■ RECORDS FOR PROCESSING ■

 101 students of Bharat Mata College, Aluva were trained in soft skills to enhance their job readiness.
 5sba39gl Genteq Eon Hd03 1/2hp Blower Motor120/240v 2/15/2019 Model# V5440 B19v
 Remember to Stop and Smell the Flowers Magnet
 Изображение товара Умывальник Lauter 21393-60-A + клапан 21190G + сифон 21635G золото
...
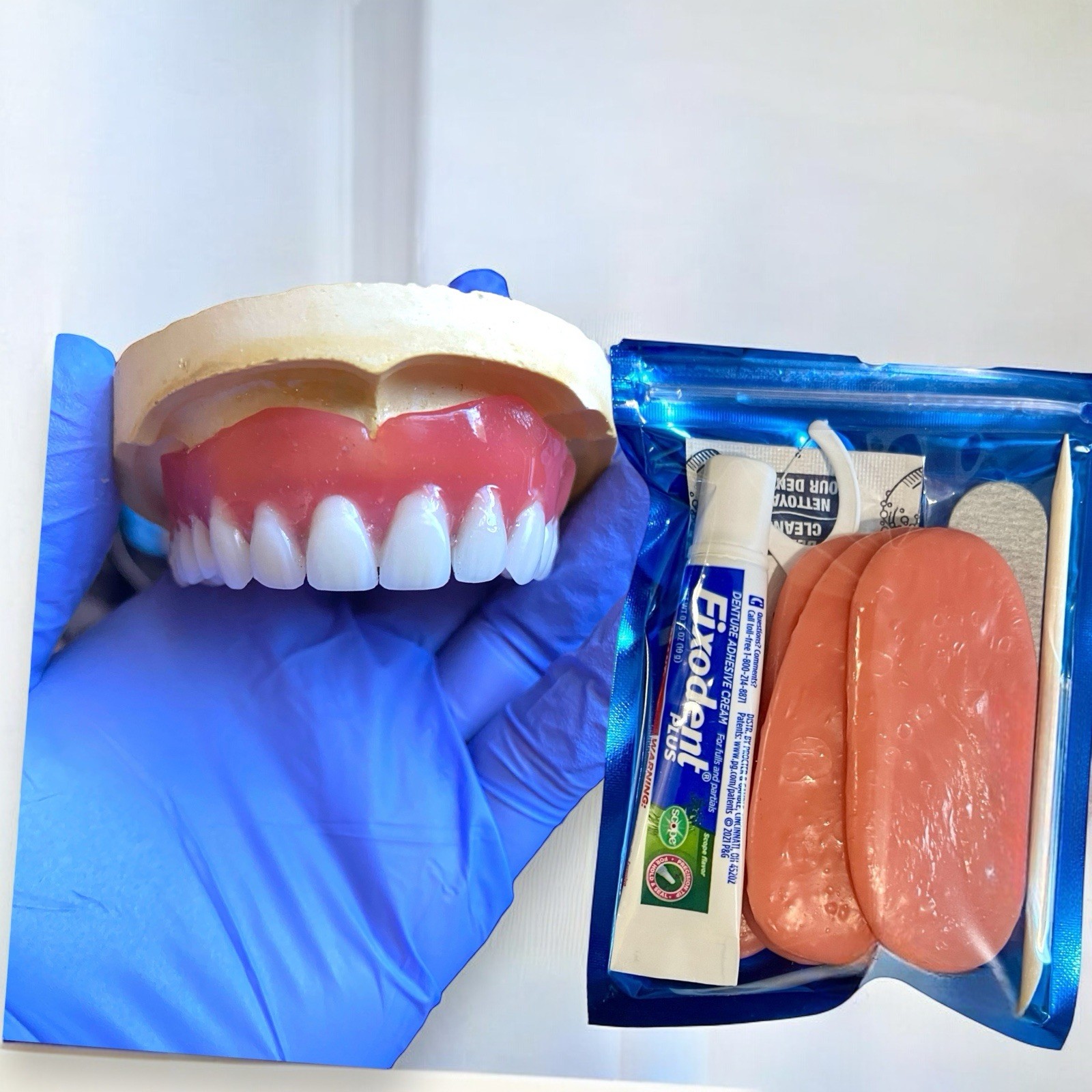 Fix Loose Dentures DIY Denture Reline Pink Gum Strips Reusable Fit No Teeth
---
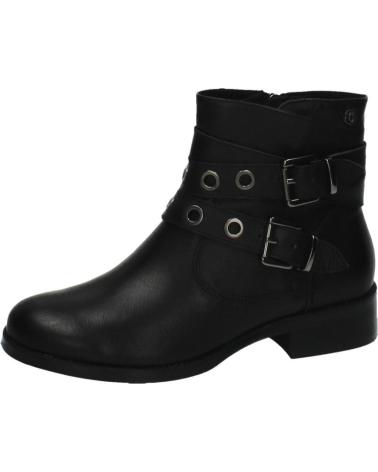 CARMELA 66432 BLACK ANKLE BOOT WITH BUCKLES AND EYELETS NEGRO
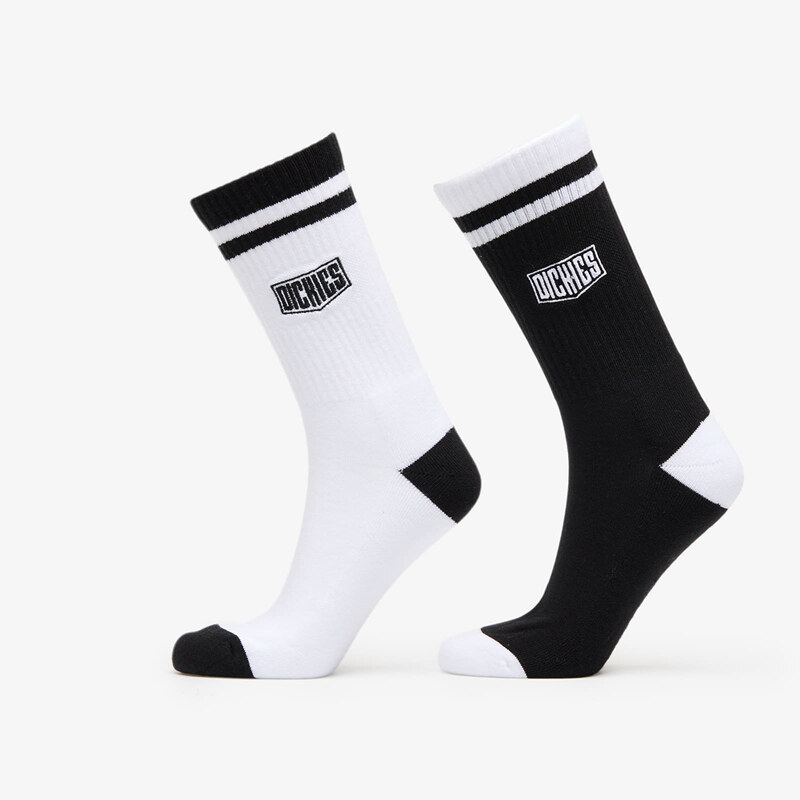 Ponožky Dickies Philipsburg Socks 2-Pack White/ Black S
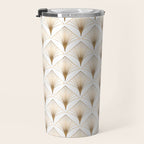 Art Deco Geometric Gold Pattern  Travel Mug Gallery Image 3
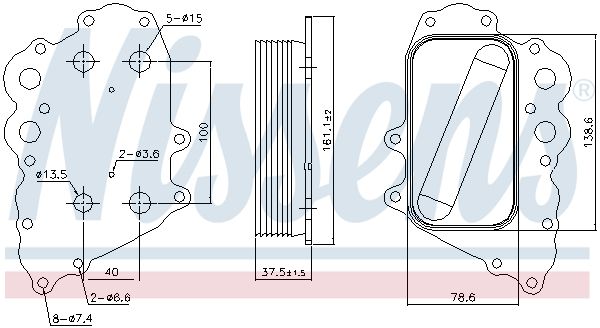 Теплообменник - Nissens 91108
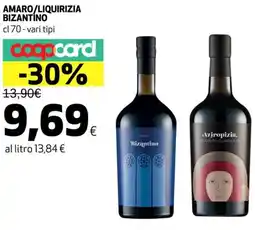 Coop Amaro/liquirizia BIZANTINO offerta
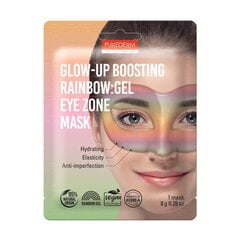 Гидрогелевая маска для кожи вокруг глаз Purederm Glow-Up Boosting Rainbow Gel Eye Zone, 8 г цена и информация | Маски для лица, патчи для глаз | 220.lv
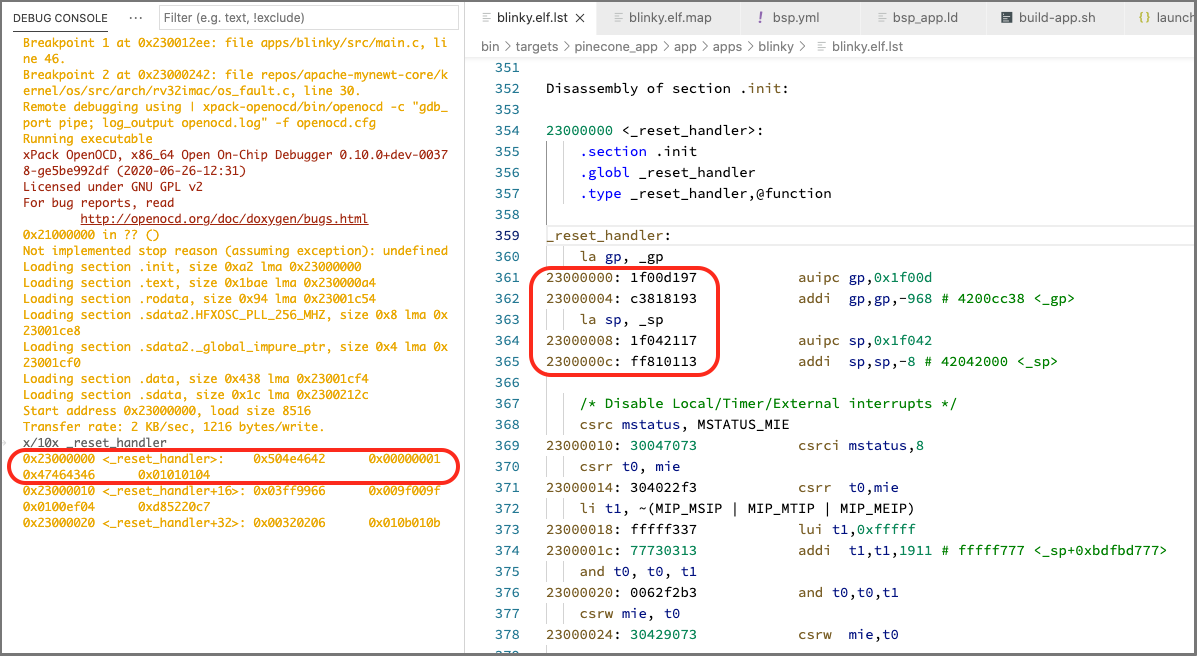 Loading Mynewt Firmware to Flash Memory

■ EXERCISE OBJECTIVE ■
When the line with "101 students of" is reached in the data above, begin copying, and stop after the line with "Изображение товара Умывальник"; copy each line exactly, both ends included.

■ SOLUTION ■
 101 students of Bharat Mata College, Aluva were trained in soft skills to enhance their job readiness.
 5sba39gl Genteq Eon Hd03 1/2hp Blower Motor120/240v 2/15/2019 Model# V5440 B19v
 Remember to Stop and Smell the Flowers Magnet
 Изображение товара Умывальник Lauter 21393-60-A + клапан 21190G + сифон 21635G золото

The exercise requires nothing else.